High Dose Cytarabine Followed by Pembrolizumab in Relapsed/Refractory AML

Study Description

Brief Summary

Rationale:The purpose of this research study is to test the effectiveness of the standard high dose cytarabine (HiDAC) on days 1 through 5 followed by a single dose of pembrolizumab on day 14 as induction therapy in patients with relapsed and refractory acute myeloid leukemia (AML). Patients who achieve a response to treatment will continue on the study drug (pembrolizumab) every 3 weeks for up to 2 years maintenance therapy.
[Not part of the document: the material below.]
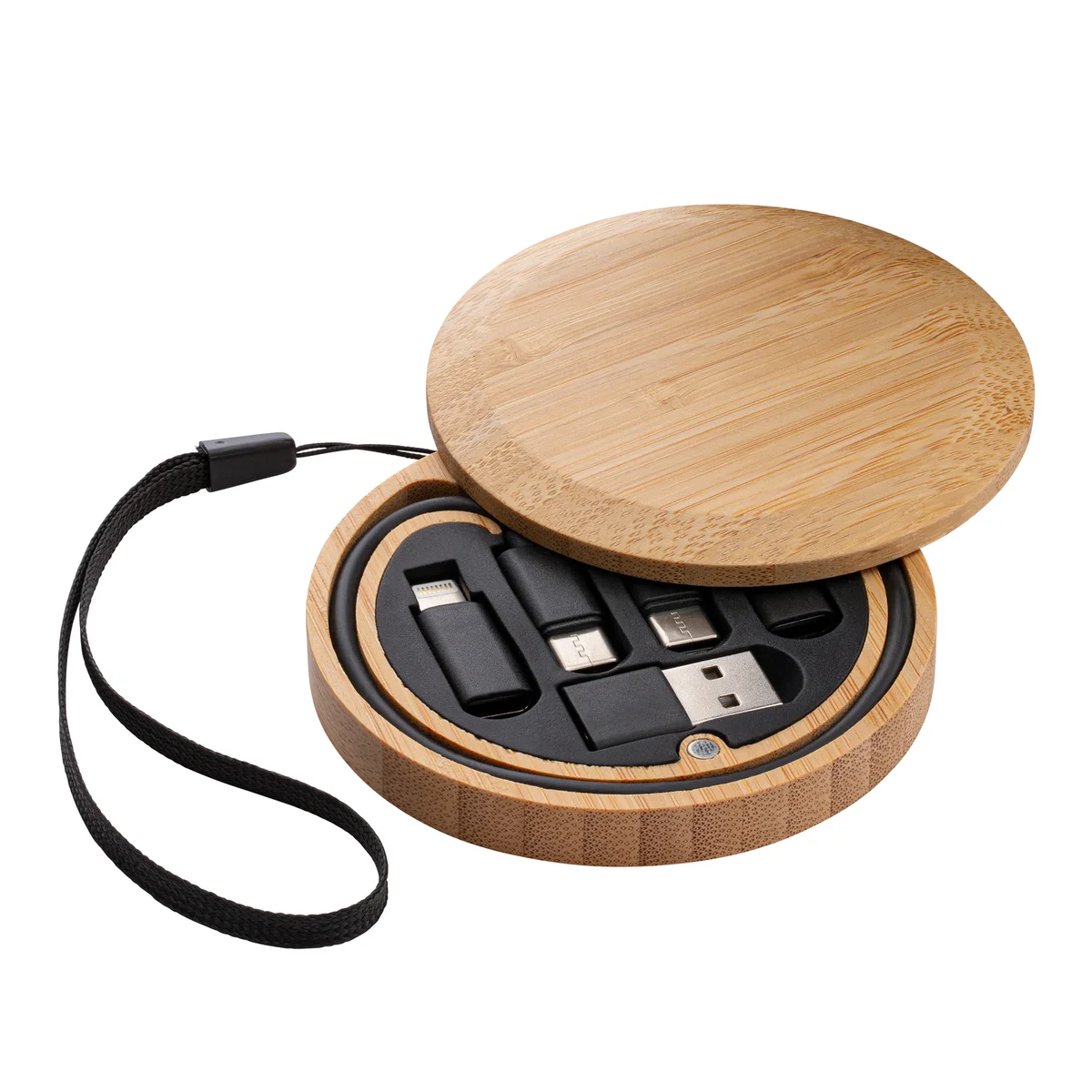 Bamboo 6-in-1 Charging Cable open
Purpose:This is a study about a new investigative drug, pembrolizumab (MK-3475) that is being studied in a clinical research trial together with standard chemotherapy (HiDAC) in relapsed and refractory AML. The study will also explore the association between potential immune biomarkers and clinical outcomes with pembrolizumab; therefore all patients will have blood and bone marrow samples collected before and after treatment to determine the dynamic nature of immune signatures pre and post-treatment.

Detailed Description

Primary Objective

1. Estimate the objective overall rate of CR (CR+CRi) for age-adjusted HiDAC (age <60 years: 2 gm/m2 IV Q12hours days 1-5; age >60 years: 1.5 gm/m2 IV Q12hours days 1-5) followed by pembrolizumab 200 mg IV on day 14 in relapsed and refractory AML patients

Secondary Objectives

1. Estimate the rate of unacceptable toxicity associated with HiDAC followed by pembrolizumab as induction therapy

2. Estimate the objective overall response rates (PR+CR+CRi) for HiDAC followed by pembrolizumab.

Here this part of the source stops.